Ten miles. Seems like nothing when you are running. When you are walking, in the drizzling rain, with insane stomach cramps, completely disappointed, ten miles feels like an eternity. Oh, and did I mention, I started going back up hill again? Good stuff.

I was terrified to take in more GU, or nuun for that matter. So I didn't . Probably another mistake.

Somewhere around mile 20 I lost it, emotionally. Every crazy thing that could have crossed my mind probably did at that point. I had this amazingly overwhelming need to just hug my babies, right then. Impossible, considering I was at mile 20 of a marathon, hundreds of miles away from home.

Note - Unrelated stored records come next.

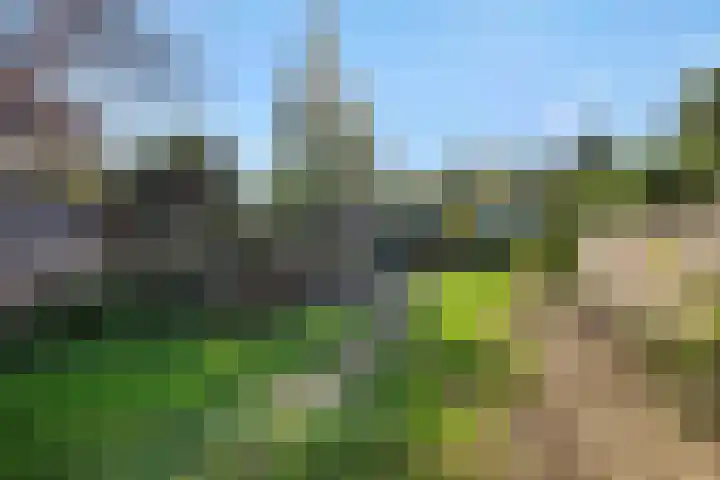 Asterstraat 9 Rosmalen thumbnail 15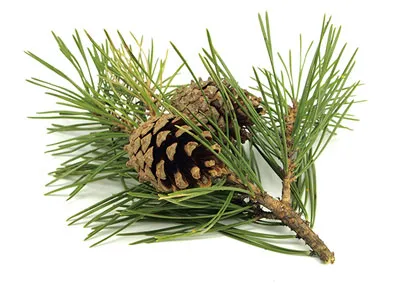 솔잎 효능수확기솔잎 효소 만드는법솔잎차세척활용법보관법까지_2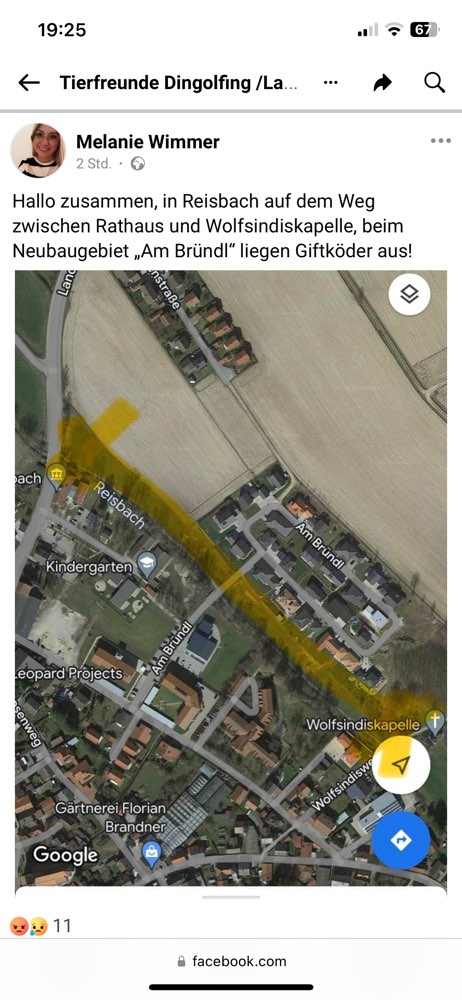 Giftköder-Giftköder-Profilbild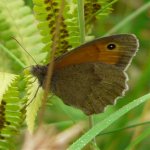 Butterfly - Meadow Brown (Maniola jurtina ssp. insularis).jpg
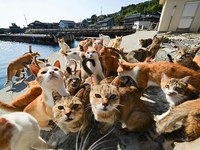 Болезни кошек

I didn't want anyone to look at me, I didn't want anyone to cheer for me. I just wanted to walk as fast as my little legs would take me and get there already. I didn't want any finish line "glory", i didn't want my medal, I didn't want the bananas and pretzels. I just wanted this race behind me.
When I had a downhill, I tried my best to run. I usually made it about 30 seconds before I had to stop because of the stomach pain, but I kept going. Through all of this, I never thought of quitting. OK, that's a lie, I thought about it all the time, but I knew I'd never actually do it.

The last mile into Camden Yards was mostly downhill. I ran/shuffled as much as I could.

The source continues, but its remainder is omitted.